DFN395. Pmf of actual fluxes in \(\mathcal {P}\) \((q_j(\mathcal {P}))\) compared with the corresponding pmf \(\widehat{q}_j (\mathcal {P}; \mathcal {N}^*_t)\) obtained from \(\mathcal {N}^*_t\) flux predictions on inputs of \(\mathcal {P}\), for several values of the training and validation set size t

Table 13 DFN395

7 Conclusions

We have presented a novel model reduction approach for a massive number of DFN simulations, focusing on its application in uncertainty quantification analyses of some selected quantities of interest. The method involves vector valued regression of the QoIs performed by artificial neural networks.

Given a DFN with fixed geometry, we trained and tested several NNs by varying the number of fractures with random transmissivity, the depth of NNs and the mini-batch size; the target was to predict outflows of some boundary fractures of the given DFN.

Performances of these NNs have been measured and, using a grid search, the network \(\mathcal {N}^*\) with best performance has been selected.

A more detailed analysis has been done for \(\mathcal {N}^*\).
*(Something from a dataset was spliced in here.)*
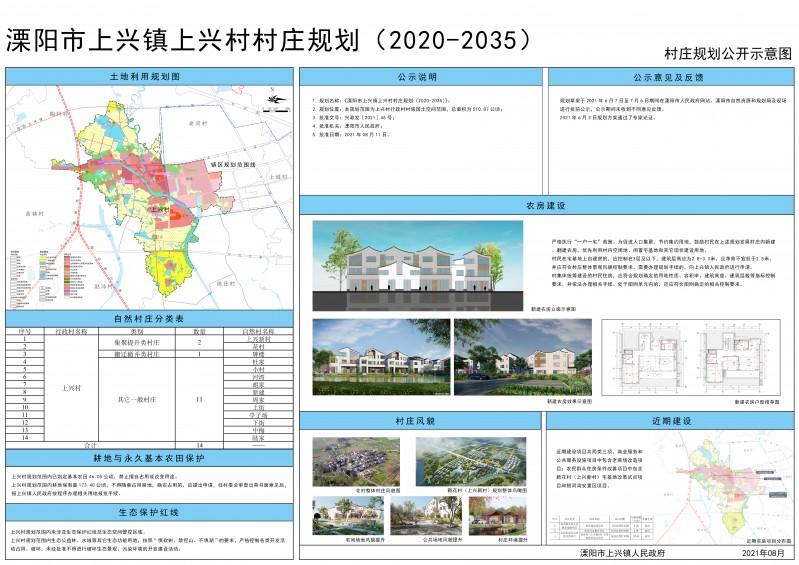 上兴镇未来发展规划展望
We compared discrete approximations of probability density functions of predicted and actual fluxes using suitable divergence measures for probability distributions, showing a very high similarity between them.

The same distribution comparison, for evaluating performance of \(\mathcal {N}^*\), has been performed with respect to other sets of data, in particular on those sets generated from inputs having a fixed transmissivity value for some given fractures; in this situation \(\mathcal {N}^*\) performed very well, since it has been able to predict fluxes even if its training set was generated from inputs with no fixed values for any fracture transmissivity.
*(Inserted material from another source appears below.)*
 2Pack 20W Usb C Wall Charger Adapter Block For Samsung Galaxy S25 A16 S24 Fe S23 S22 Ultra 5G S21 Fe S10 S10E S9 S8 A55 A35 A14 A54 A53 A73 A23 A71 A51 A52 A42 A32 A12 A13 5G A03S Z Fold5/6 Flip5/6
We have also analyzed the sensitivity with respect to the training set size, and we have shown the viability of the approach to produce predicted fluxes to be used in the framework of Monte Carlo method for computing statistics of the given quantity of interest. Comparing these results with those obtained using actual DFN simulations, we observed that moments computed using NNs are relatively near to values of actual moments, also for NNs trained on small training sets.
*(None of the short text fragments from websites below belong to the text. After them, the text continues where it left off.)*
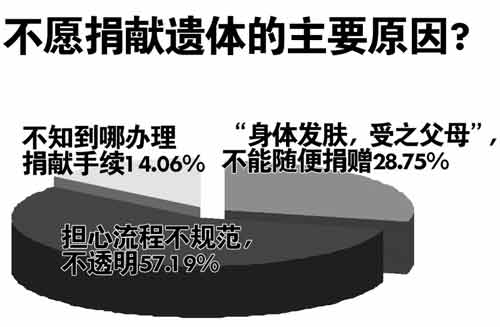 那些器官换手机的新闻二手手机交易app排行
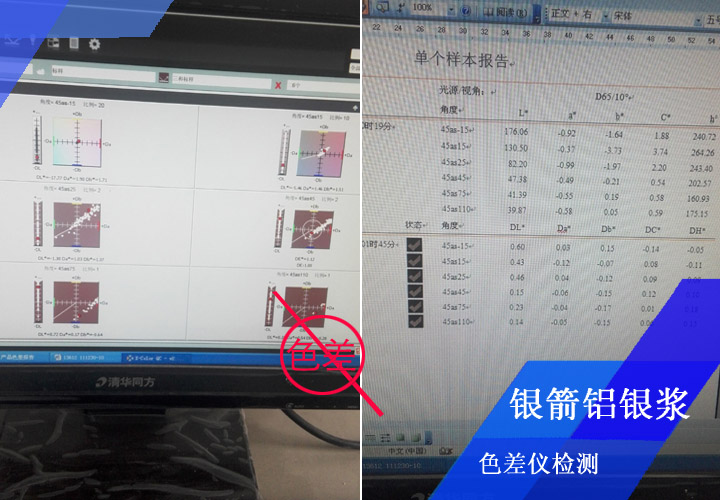 經(jīng)色差儀嚴(yán)格檢測，控制色差的產(chǎn)生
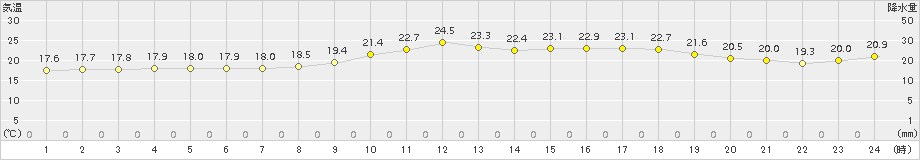 大樹(>2015年08月04日)のアメダスグラフ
In order to show robustness with respect to the number of overall fractures, and the number of outflow fractures, the analysis has been then repeated for other DFNs with different fixed geometries, confirming the ability of the presented method in predicting fluxes essentially independently of the total number of fractures and of the number of outflow fractures.

In conclusion, all results shown in this paper confirm the viability of NNs as possible model reduction tools for DFN flow simulations, usable for example in the framework of UQ analyses, due to the good accuracy and extremely fast evaluation time. These encouraging results suggest a wider investigation, in view of a more general application of learning algorithms for UQ in DFN problems.